I've been working on learning some new tech using java to parse files and for the msot part it's going well. However, I'm at a lost as to how I could parse an xml file to where the structure is not known upon receipt. Lots of examples of how to do so if you know the structure (getElementByTagName seems to be the way to go), but no dynamic options, at least not that I've found.

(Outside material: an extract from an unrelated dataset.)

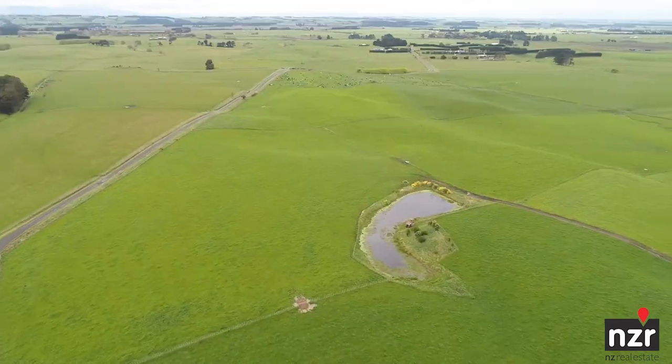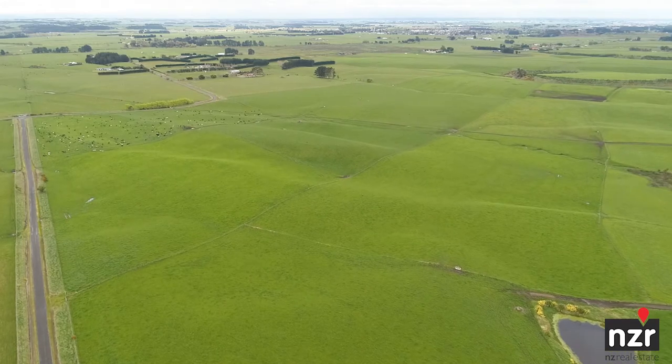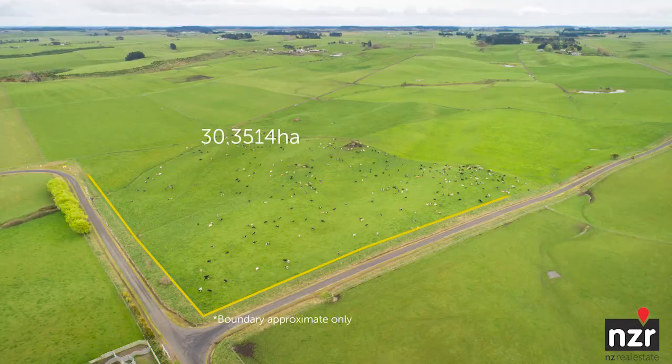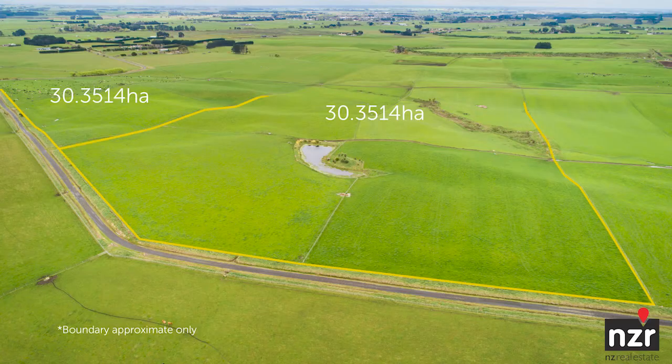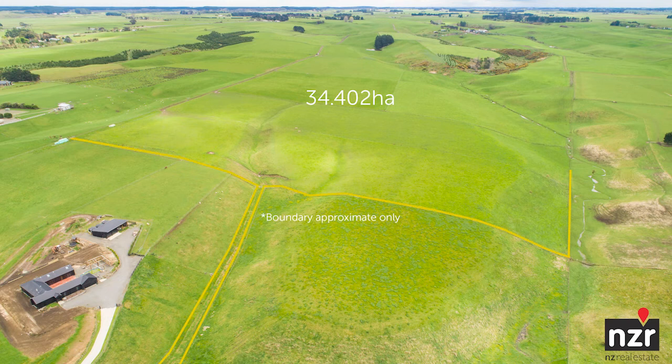Attractive undulating country. Three of these blocks are blank canvases — being the 30, the 30, and the 34 hectare block — while the fourth 39 hectare block has a small cottage and hay shed. Available individually, or maybe add the two adjoining 30 hectare blocks together. This is great finishing country for those looking for a smaller support block, while those looking to build will see appeal in the elevation and the outlook.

So the tl;dr version of this question, how can I parse an xml file where I cannot rely on knowing it's structure?

canadiancreed
  • 1,966
  • 6
  • 41
  • 58
  • 1
    Parsers parse XML without caring about their structure. The only requirement is that it's well formed. Unless you have a validating parser (where the parser will also compare the XML with a schema that describes the structure), it will parse your XML. A method like getElementByTagName is called on an object model of the already parsed XML. Perhaps you want to know how to read the data of a parsed object model. – helderdarocha Feb 23 '14 at 01:51
  • Can you give maybe any examples? What do you want to parse out of that unknown structure? Is it completely unknown or just some part of it? – therealmarv Feb 23 '14 at 01:58

1 Answers1

14

Well the parsing part is easy; like helderdarocha stated in the comments, the parser only requires valid XML, it does not care about the structure. You can use Java's standard DocumentBuilder to obtain a Document:

InputStream in = new FileInputStream(...);
Document doc = DocumentBuilderFactory.newInstance().newDocumentBuilder().parse(in);

(If you're parsing multiple documents, you can keep reusing the same DocumentBuilder.)

Then you can start with the root document element and use familiar DOM methods from there on out:

Element root = doc.getDocumentElement(); // perform DOM operations starting here.

As for processing it, well it really depends on what you want to do with it, but you can use the methods of Node like getFirstChild() and getNextSibling() to iterate through children and process as you see fit based on structure, tags, and attributes.

Consider the following example:

import java.io.ByteArrayInputStream;
import java.io.InputStream;
import javax.xml.parsers.DocumentBuilderFactory;   
import org.w3c.dom.Document;
import org.w3c.dom.Element;
import org.w3c.dom.Node;


public class XML {

    public static void main (String[] args) throws Exception {

        String xml = "<objects><circle color='red'/><circle color='green'/><rectangle>hello</rectangle><glumble/></objects>";

        // parse
        InputStream in = new ByteArrayInputStream(xml.getBytes("utf-8"));
        Document doc = DocumentBuilderFactory.newInstance().newDocumentBuilder().parse(in);

        // process
        Node objects = doc.getDocumentElement();
        for (Node object = objects.getFirstChild(); object != null; object = object.getNextSibling()) {
            if (object instanceof Element) {
                Element e = (Element)object;
                if (e.getTagName().equalsIgnoreCase("circle")) {
                    String color = e.getAttribute("color");
                    System.out.println("It's a " + color + " circle!");
                } else if (e.getTagName().equalsIgnoreCase("rectangle")) {
                    String text = e.getTextContent();
                    System.out.println("It's a rectangle that says \"" + text + "\".");
                } else {
                    System.out.println("I don't know what a " + e.getTagName() + " is for.");
                }
            }
        }

    }

}

The input XML document (hard-coded for example) is:

<objects>
    <circle color='red'/>
    <circle color='green'/>
    <rectangle>hello</rectangle>
    <glumble/>
</objects>

The output is:

It's a red circle!
It's a green circle!
It's a rectangle that says "hello".
I don't know what a glumble is for.
Jason C
  • 38,729
  • 14
  • 126
  • 182